Figure 1: Sparse expansive network motif. Large dimensional input (of dimension d) is mapped into an even larger dimensional latent space (of dimension m). The projections can be random or data driven.

Similarity search is a fundamental problem in computer science. Given a query item (for example an image) and a database containing many similar items, the task is to retrieve a ranked list of items from the database most similar to the query. When data is high-dimensional (e.g. images/documents) and the databases are large, this is a computationally challenging problem. However, approximate solutions are generally acceptable, with Locality Sensitive Hashing (LSH) being one such approach. In LSH, the idea is to encode each database entry with a sparse binary vector and to retrieve a list of entries that have the smallest Hamming distances with the query.

Inspired by the fruit fly’s sparse expansive motifs, a new family of hashing algorithms has been recently proposed (Dasgupta, et al.). These algorithms, however, use random weights to accomplish the expansion in the representational space and cannot learn from the data.

In our work, we combine this sparse expansive network motif with the bio-inspired learning algorithm (Krotov & Hopfield), motivated by local Hebbian-like plasticity, to design a novel hashing algorithm called BioHash. The key difference of our algorithm relative to the one proposed in (Dasgupta, et al.) is that the synaptic weights in our networks are learned from the data, rather than being random. We demonstrate that BioHash significantly improves retrieval performance on common machine learning benchmarks.

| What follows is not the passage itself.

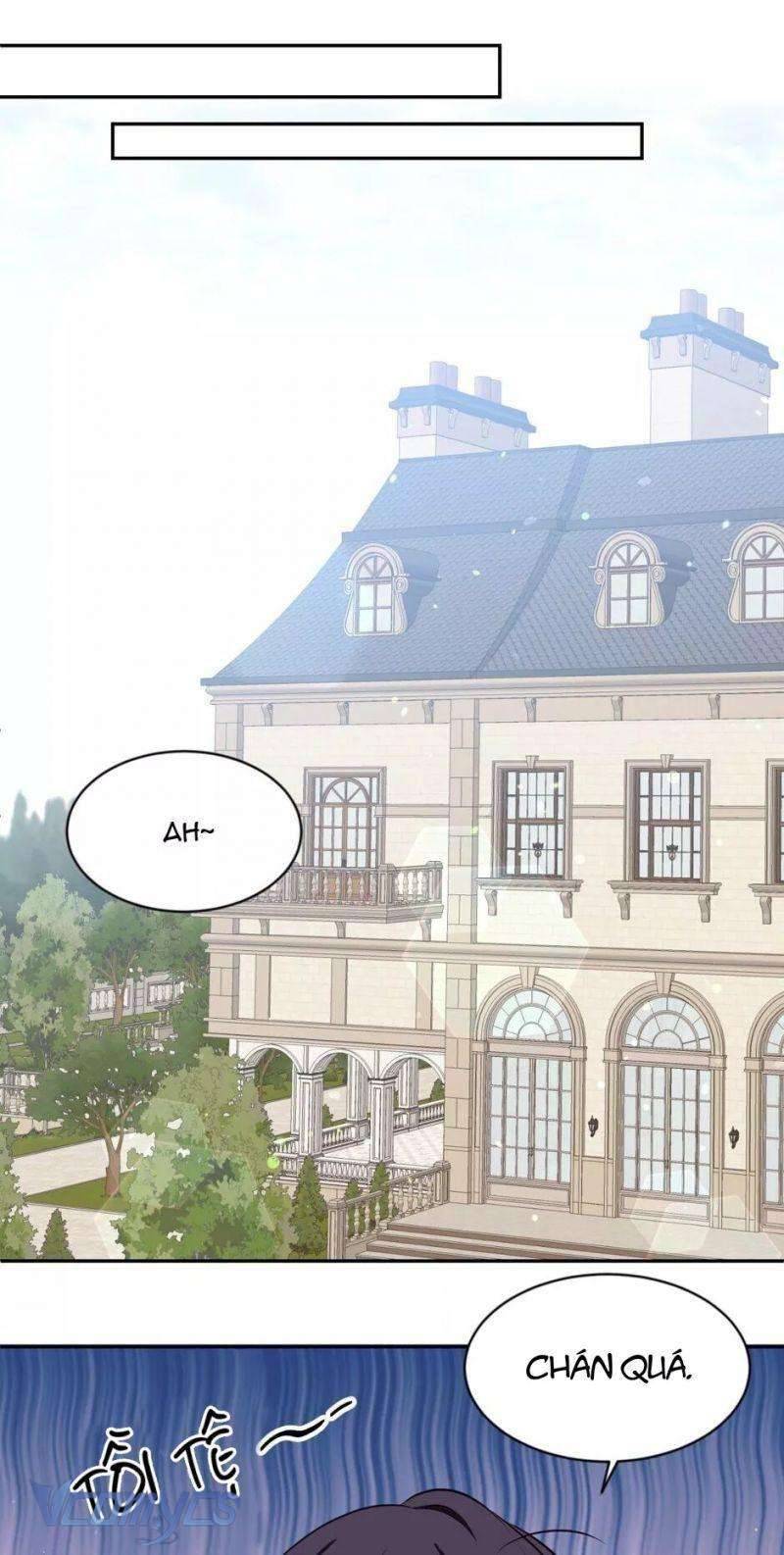 Mục Tiêu Là Cuộc Sống Hoàn Hảo Bất Khả Xâm Phạm Chapter 17 - Trang 4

In Tables 1 and 2 one can see the mean averaged precision (mAP) for retrievals on the MNIST and CIFAR-10 datasets.

Table 1

Table 1: mAP@All (%) on MNIST (higher is better). Best results (second best) for each hash length are in bold (underlined). BioHash demonstrates the best retrieval performance, substantially outperforming other methods including deep hashing methods DH and UH-BNN, especially at small hash lengths. Performance for DH and UH-BNN is unavailable for some hash lengths, since it is not reported in the literature.

Table 2

Table 2: mAP@1000 (%) on CIFAR-10CNN. Best results (second best) for each hash length are in bold (underlined). BioHash demonstrates the best retrieval performance, substantially outperforming other methods including deep hashing methods GreedyHash, SAH, DeepBit and USDH, especially at small hash lengths. Performance for DeepBit, SAH and USDH is unavailable for some hash lengths, since it is not reported in the literature.

It is clear that our algorithms (BioHash and its convolutional version BioConvHash) demonstrate a significantly higher values of mAP compared to previously published benchmarks. For instance, we demonstrate that for certain hash lengths BioHash results in approximately 3x improvement in the mean average precision of the retrievals compared to previously published algorithms. In Figure 2 we show examples of queries and corresponding retrievals generated by our method (first four rows are examples of good retrievals, last two rows are examples of bad retrievals).

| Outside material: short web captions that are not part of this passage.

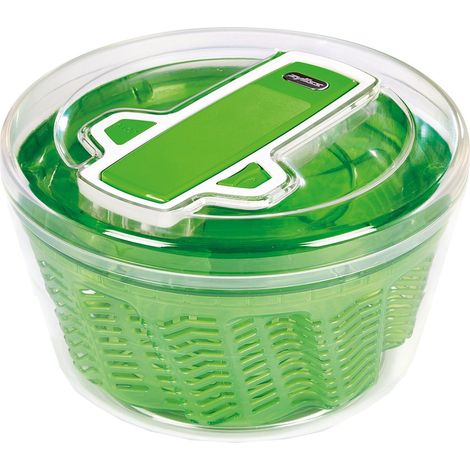 Centrifuga per insalata swift dry 20 cmverden - E9400150 - zyliss (1/4)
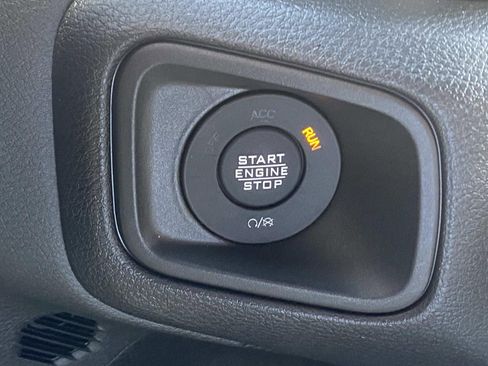 New 2025 Jeep Wrangler Willys image 26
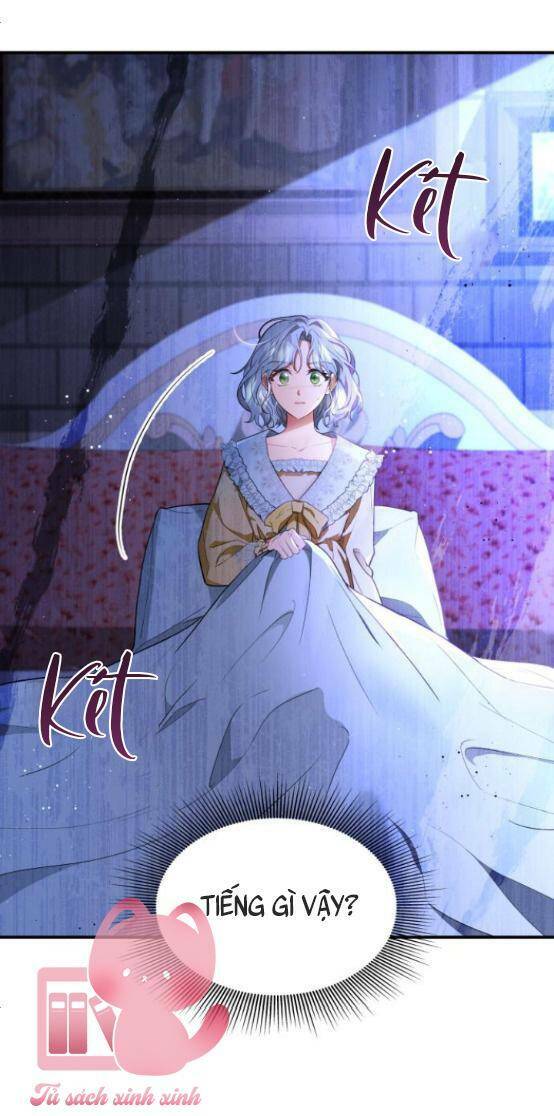 'di vật' melvin để lại chapter 20 63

Figure 2. Examples of queries and top 15 retrievals using BioHash (k = 16) on VGG16 fc7 features of CIFAR-10. Retrievals have a green (red) border if the image is in the same (different) semantic class as the query image. We show some success (top 4) and failure (bottom 2) cases. However, it can be seen that even the failure cases are reasonable.

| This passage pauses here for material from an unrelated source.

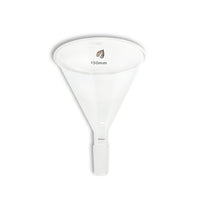 29/42 Millimeter (mm) Size Powder Funnel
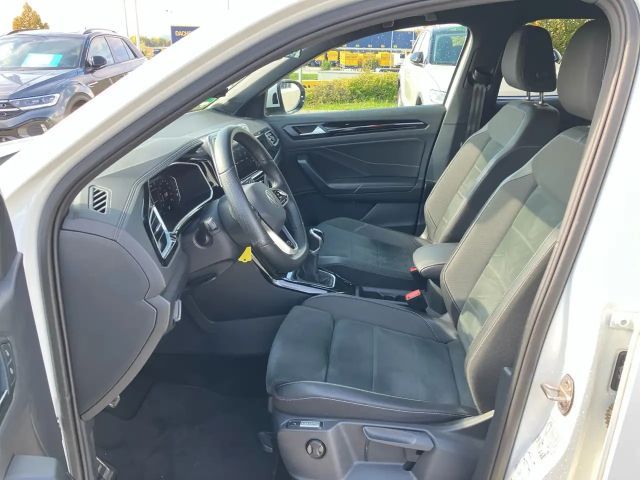 Volkswagen T-Roc 2.0 TDI R-Line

Figure 2. Examples of queries and top 15 retrievals using BioHash (k = 16) on VGG16 fc7 features of CIFAR-10. Retrievals have a green (red) border if the image is in the same (different) semantic class as the query image. We show some success (top 4) and failure (bottom 2) cases. However, it can be seen that even the failure cases are reasonable.

The intuition behind the BioHash learning algorithm is this: we can think about a hidden unit’s synaptic weights as a particle that moves in the space of the data under the influence of two forces: the force of attraction to the peaks of the data distribution, and the force of repulsion between the hidden units.

The learning process is described as a collective motion of many particles (hidden units) each experiencing these two forces. The steady state distribution of the hidden units is determined by the balance of these two forces. Intuitively, this is a useful computational strategy since we only need hidden units receiving the inputs from the regions of the input space where there is a non-zero density of the data. This is accomplished by the force of attraction to the data. At the same time, given a certain number of hidden units they need to be distributed in the space in such a way so that the entire support of the data distribution is covered. This is accomplished by the force of repulsion between the hidden units.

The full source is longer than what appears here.